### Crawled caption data
====

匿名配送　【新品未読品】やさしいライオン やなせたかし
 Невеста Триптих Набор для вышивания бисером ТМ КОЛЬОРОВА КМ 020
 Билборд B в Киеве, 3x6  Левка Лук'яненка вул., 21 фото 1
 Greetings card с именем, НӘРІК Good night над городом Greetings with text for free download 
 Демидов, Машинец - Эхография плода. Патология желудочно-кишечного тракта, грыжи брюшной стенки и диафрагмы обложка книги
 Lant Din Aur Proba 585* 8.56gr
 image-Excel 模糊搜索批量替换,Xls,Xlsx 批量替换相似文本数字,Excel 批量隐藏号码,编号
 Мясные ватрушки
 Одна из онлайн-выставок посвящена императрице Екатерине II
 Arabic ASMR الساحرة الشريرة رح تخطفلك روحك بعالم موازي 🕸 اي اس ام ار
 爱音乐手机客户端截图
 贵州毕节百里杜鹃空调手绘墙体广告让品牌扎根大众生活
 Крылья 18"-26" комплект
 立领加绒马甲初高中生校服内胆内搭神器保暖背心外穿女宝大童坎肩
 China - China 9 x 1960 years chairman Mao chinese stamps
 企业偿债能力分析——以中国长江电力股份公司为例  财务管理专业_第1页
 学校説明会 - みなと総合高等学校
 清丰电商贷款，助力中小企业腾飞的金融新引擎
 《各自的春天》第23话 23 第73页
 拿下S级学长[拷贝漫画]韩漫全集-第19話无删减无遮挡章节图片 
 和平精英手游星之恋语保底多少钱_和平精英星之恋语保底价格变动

====

### Exercise directions
After reading through the records, retype all of them exactly.

### Your solution
匿名配送　【新品未読品】やさしいライオン やなせたかし
 Невеста Триптих Набор для вышивания бисером ТМ КОЛЬОРОВА КМ 020
 Билборд B в Киеве, 3x6  Левка Лук'яненка вул., 21 фото 1
 Greetings card с именем, НӘРІК Good night над городом Greetings with text for free download 
 Демидов, Машинец - Эхография плода. Патология желудочно-кишечного тракта, грыжи брюшной стенки и диафрагмы обложка книги
 Lant Din Aur Proba 585* 8.56gr
 image-Excel 模糊搜索批量替换,Xls,Xlsx 批量替换相似文本数字,Excel 批量隐藏号码,编号
 Мясные ватрушки
 Одна из онлайн-выставок посвящена императрице Екатерине II
 Arabic ASMR الساحرة الشريرة رح تخطفلك روحك بعالم موازي 🕸 اي اس ام ار
 爱音乐手机客户端截图
 贵州毕节百里杜鹃空调手绘墙体广告让品牌扎根大众生活
 Крылья 18"-26" комплект
 立领加绒马甲初高中生校服内胆内搭神器保暖背心外穿女宝大童坎肩
 China - China 9 x 1960 years chairman Mao chinese stamps
 企业偿债能力分析——以中国长江电力股份公司为例  财务管理专业_第1页
 学校説明会 - みなと総合高等学校
 清丰电商贷款，助力中小企业腾飞的金融新引擎
 《各自的春天》第23话 23 第73页
 拿下S级学长[拷贝漫画]韩漫全集-第19話无删减无遮挡章节图片 
 和平精英手游星之恋语保底多少钱_和平精英星之恋语保底价格变动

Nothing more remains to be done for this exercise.